YIT Corporation's Annual General Meeting held on March 13, 2008 elected the following members to the Board of Directors.

  • Chairman: Reino Hanhinen, M.Sc. (Eng.), D.Sc. (Tech.) h.c.
  • Vice Chairman: Eino Halonen, M.Sc. (Econ.) Members:
  • Kim Gran, B.Sc. (Econ.), President and CEO of Nokian Renkaat Plc
  • Antti Herlin, D.Sc. (Econ.) h.c., D.Sc. (Arts) h.c., Chairman of KONE Corporation's Board of Directors
  • Teuvo Salminen, M.Sc. (Econ.), Deputy CEO of Pöyry Plc

All the members of the Board of Directors were independent of signifi cant shareholders in YIT. Excluding Reino Hanhinen, all Board members were independent of YIT.

The organisational meeting of YIT Corporation's Board of Directors was held on March 13, 2008. The Board of Directors elected Eino Halonen as the Chairman of the Audit Committee and Teuvo Salminen and Reino Hanhinen as its members.

The Board of Directors of YIT Corporation decided in its meeting held on October 28, 2008 to form a nomination and rewards committee for the Board of Directors. From the Board of Directors, Reino Hanhinen was appointed as the Chairman and Eino Halonen and Antti Herlin as members of the nomination and rewards committee. The Board of Directors strengthened the committee on November 19, 2008 by nominating Henrik Ehrnrooth as a new committee member from outside of the Board.

The Board of Directors convened 14 times in 2008, the Audit Committee convened 6 times and the nomination and rewards committee convened 2 times. The average attendance rate at the Board meetings was 91 per cent, at the Audit Committee meetings 100 per cent and at the nomination and rewards committee meetings 75 per cent.

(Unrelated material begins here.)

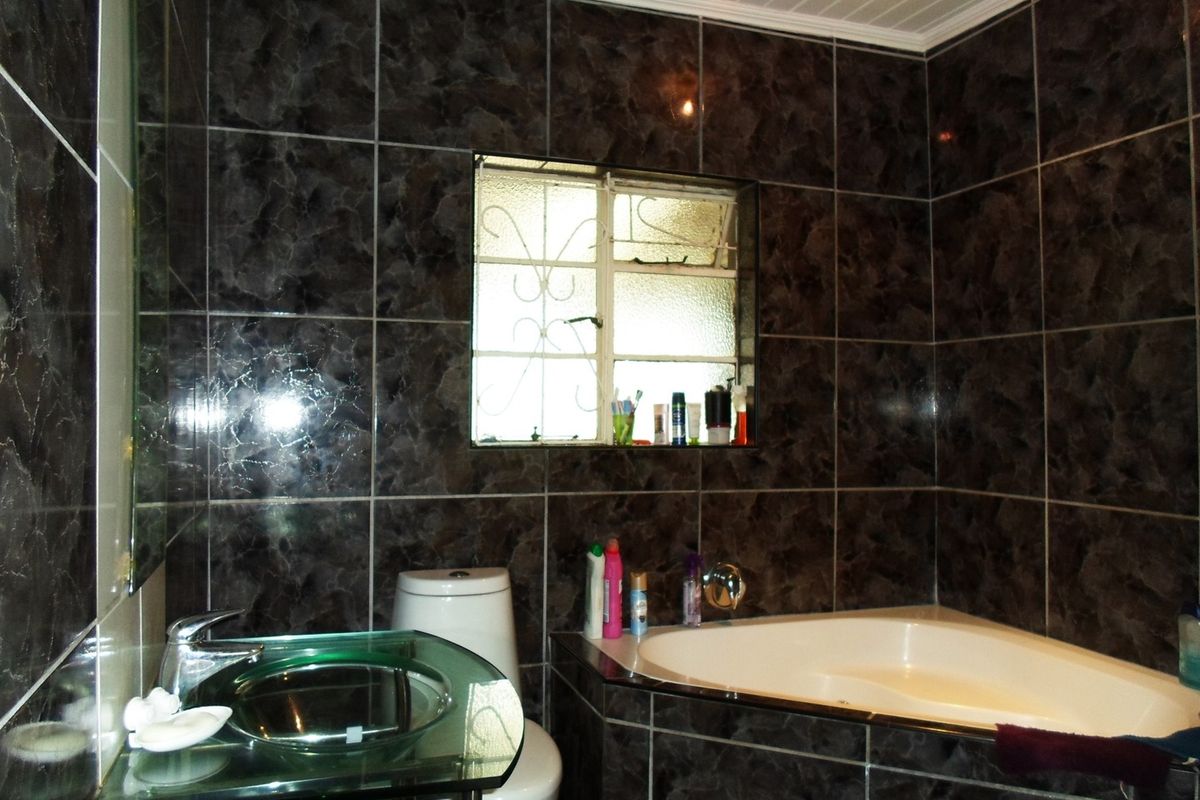 Bathroom featuring dark marble-effect wall tiles, a corner bathtub, and a modern glass vessel sink with chrome fixtures.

An up-to-date presentation of the members of the Board of Directors can be found on YIT's Internet site.

The Group's Management Board and changes in Group management

The Board of Directors elects the President and CEO of the Company. YIT Corporation's President and CEO is Juhani Pitkäkoski, LL.M. (born 1958) and his deputy is Kari Kauniskangas, M.Sc. (Eng.), B.Sc. (Econ.) (born 1974). Both were appointed on November 20, 2008. Prior to their appointments, YIT Corporation's President and CEO in 2008 was Hannu Leinonen with Sakari Toikkanen as his deputy. Hannu Leinonen left the company. The former Deputy to the President and CEO, Sakari Toikkanen, assumed the position of Senior Vice President, Business Development.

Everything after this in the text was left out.